What this task involves: The answer must be the lines from the one that holds "Gold and blue" through the final line of the data, copied exactly, with no pictures.

Dataset records:
- - -
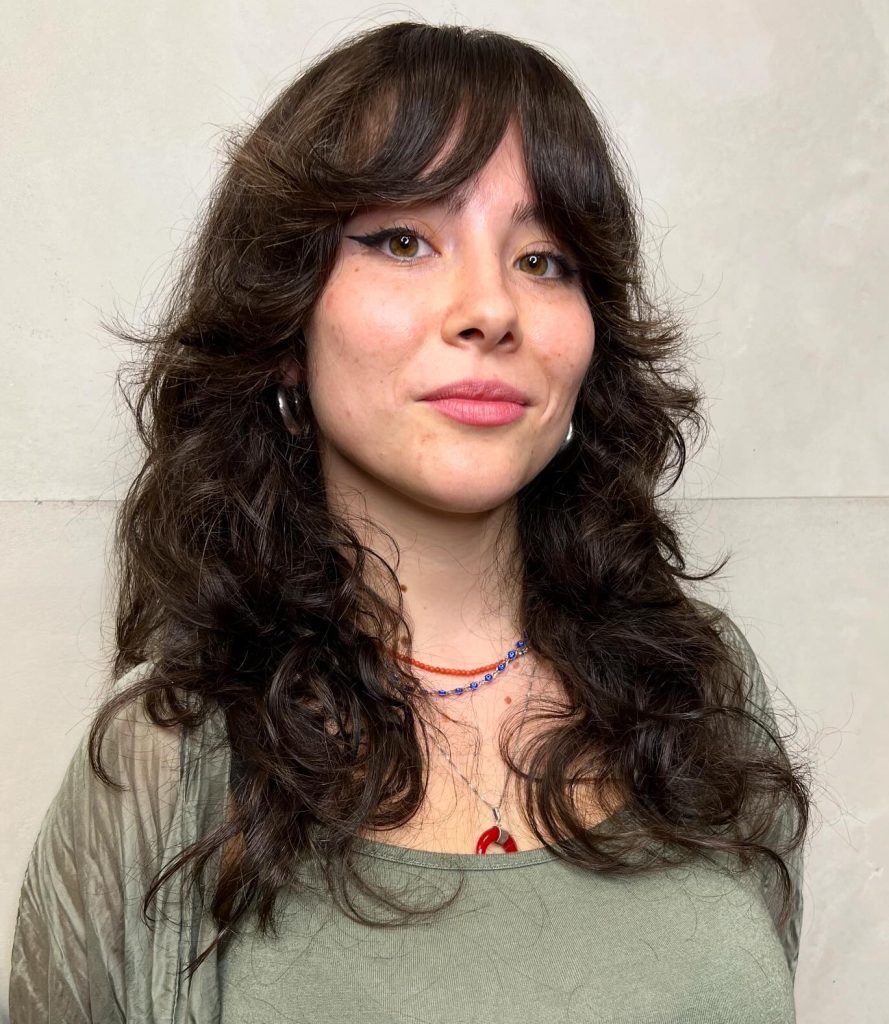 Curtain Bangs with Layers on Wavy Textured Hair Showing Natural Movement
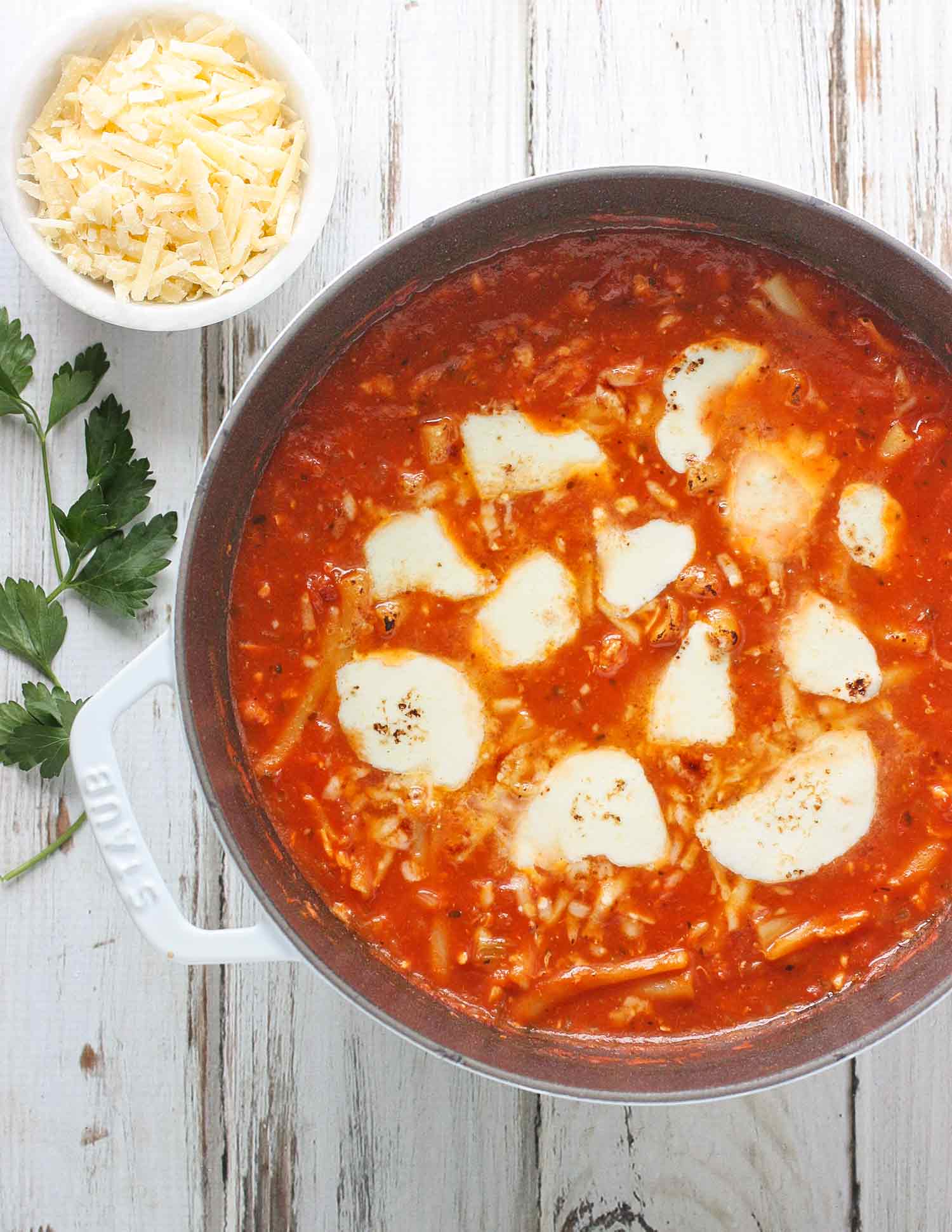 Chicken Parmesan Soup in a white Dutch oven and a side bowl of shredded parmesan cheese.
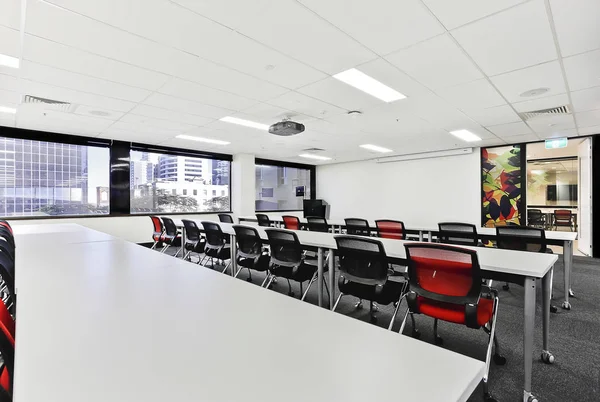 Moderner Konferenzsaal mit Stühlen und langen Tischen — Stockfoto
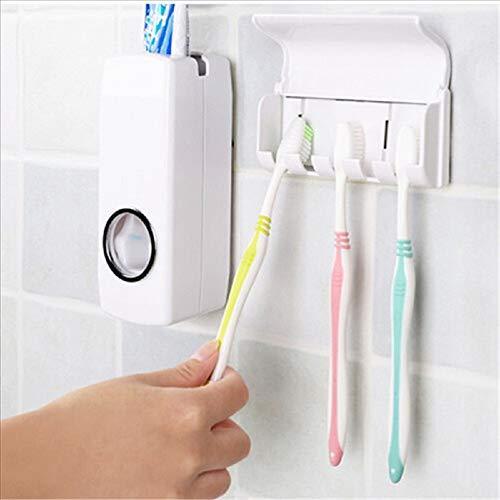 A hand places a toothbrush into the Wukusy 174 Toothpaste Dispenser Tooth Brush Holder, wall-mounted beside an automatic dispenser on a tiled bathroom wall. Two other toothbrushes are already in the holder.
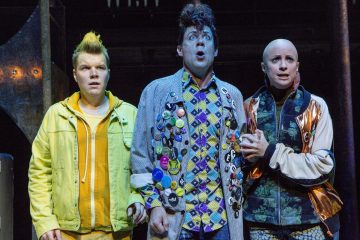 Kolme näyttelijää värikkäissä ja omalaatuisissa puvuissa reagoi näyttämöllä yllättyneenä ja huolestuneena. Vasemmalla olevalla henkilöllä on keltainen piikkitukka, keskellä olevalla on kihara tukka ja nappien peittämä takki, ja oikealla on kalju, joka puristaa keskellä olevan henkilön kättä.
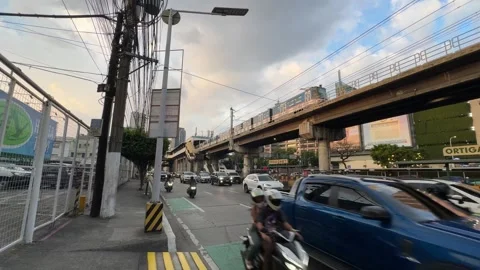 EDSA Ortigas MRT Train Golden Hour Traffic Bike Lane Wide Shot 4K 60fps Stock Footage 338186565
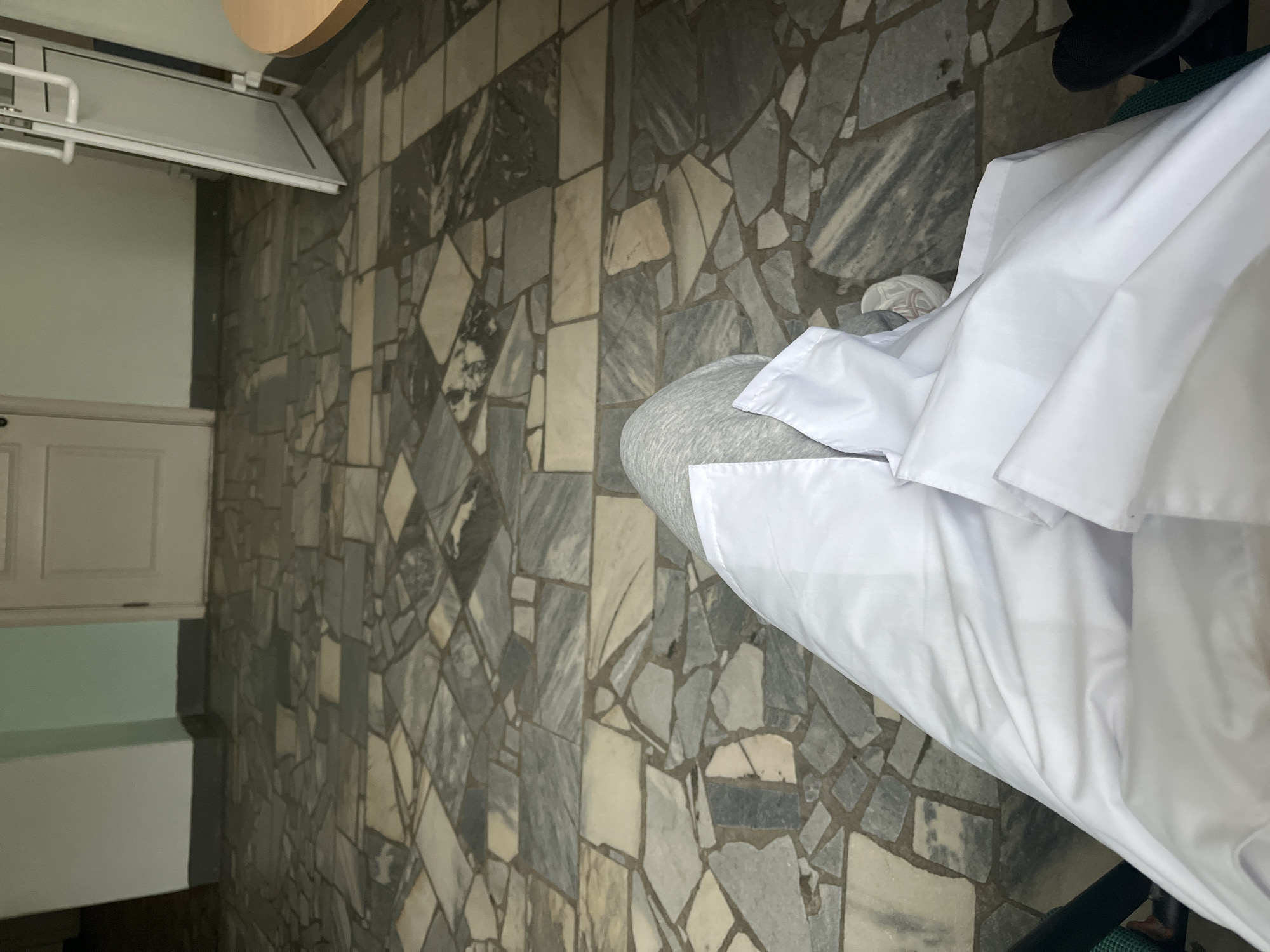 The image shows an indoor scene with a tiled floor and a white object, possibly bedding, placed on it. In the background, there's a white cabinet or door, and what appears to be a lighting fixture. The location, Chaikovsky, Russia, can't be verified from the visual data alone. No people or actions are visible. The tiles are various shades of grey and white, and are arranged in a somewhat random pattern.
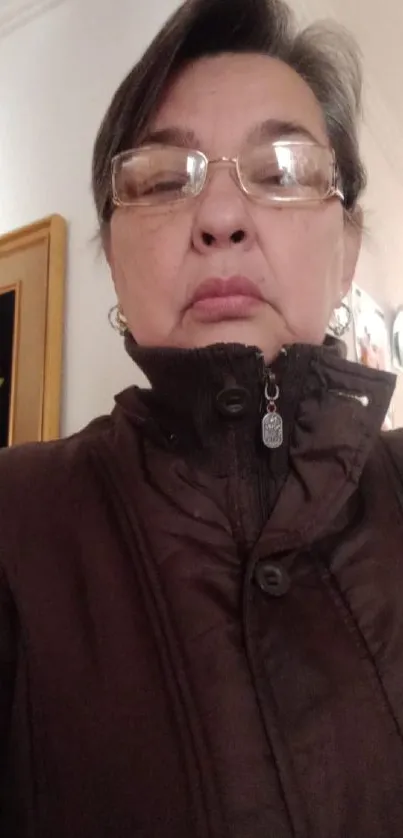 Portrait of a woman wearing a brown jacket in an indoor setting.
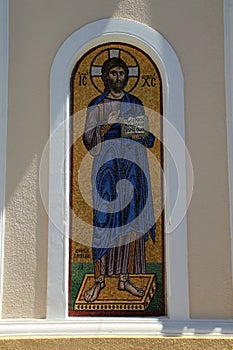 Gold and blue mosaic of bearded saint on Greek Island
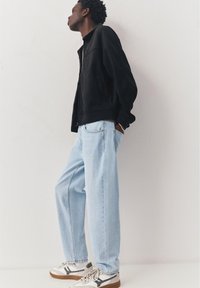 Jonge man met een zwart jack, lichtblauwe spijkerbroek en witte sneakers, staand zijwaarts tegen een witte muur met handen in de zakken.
- - -
Task output:
 Gold and blue mosaic of bearded saint on Greek Island
 Jonge man met een zwart jack, lichtblauwe spijkerbroek en witte sneakers, staand zijwaarts tegen een witte muur met handen in de zakken.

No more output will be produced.